Bila PLN mengalami kekurangan pasokan batu bara untuk pembangkit listrik, maka yang paling dikhawatirkan yaitu jangan sampai terjadi pemadaman listrik kepada masyarakat.
"Konsentrasi kami adalah jaminan tersedianya kebutuhan batu bara untuk pembangkit PLN yang beberapa sudah kritis. Kami tidak mau ada listrik padam gara-gara tidak adanya pasokan batu bara," ungkapnya kepada CNBC Indonesia, Selasa (10/08/2021).
Dia bahkan menyebut, berdasarkan laporan PLN, stok batu bara untuk sejumlah pembangkit listrik PLN kini berada di bawah 10 hari. Tak ayal bila ini disebut kritis.
"Ada kondisi beberapa PLTU kritis dengan ketersediaan < (kurang dari) 10 hari, sehingga harus segera diberi pasokan. Seperti itulah detailnya di PLN," ujarnya.
Menurutnya, pihaknya juga telah melakukan diskusi dan sosialisasi terkait peraturan kewajiban produsen batu bara untuk memenuhi pasokan dalam negeri (DMO) kepada seluruh perusahaan batu bara.

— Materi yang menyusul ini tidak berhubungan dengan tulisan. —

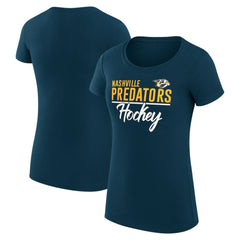 Nashville Predators G-III 4Her by Carl Banks Women's Super-Slim Fit Lightweight Team Sport T-Shirt - Navy - NHL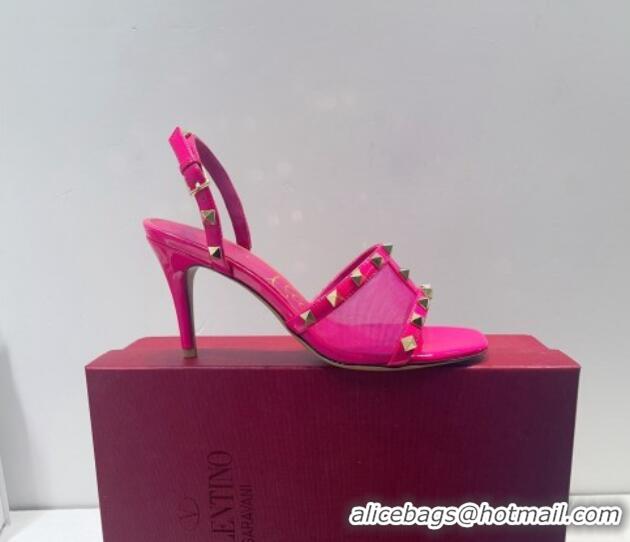 Top Grade Valentino Roman Stud Patent Leather and Mesh Slide Sandals 8cm Dark Pink 112920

Berdasarkan dokumen yang diterima CNBC Indonesia, Direktur Jenderal Mineral dan Batu Bara (Dirjen Minerba) Kementerian ESDM Ridwan Djamaluddin mengirimkan surat keputusan perihal "Pelarangan Penjualan Batu Bara ke Luar Negeri" kepada Direktur Jenderal Perdagangan Luar Negeri, Direktur Jenderal Bea dan Cukai, serta Direktur Jenderal Perhubungan Laut pada 7 Agustus 2021.
Dalam surat tersebut lah, Dirjen Minerba meminta kepada ketiga unsur pemangku kepentingan tersebut untuk melakukan pembekuan Eksportir Terdaftar (ET) kepada 34 perusahaan batu bara tersebut.
"Berdasarkan hal-hal tersebut di atas, kami mohon kerja sama Saudara untuk melakukan pembekuan Eksportir Terdaftar (ET), menghentikan pelayanan Pemberitahuan Ekspor Barang (PEB) dan tidak menerbitkan Surat Persetujuan Berlayar (SPB) untuk tujuan penjualan batu bara ke luar negeri sesuai dengan kewenangan Saudara kepada 34 perusahaan sebagaimana terlampir sampai dengan terpenuhinya kebutuhan batu bara sesuai kontrak penjualan sebagaimana dimaksud pada angka 3," isi bunyi surat tersebut.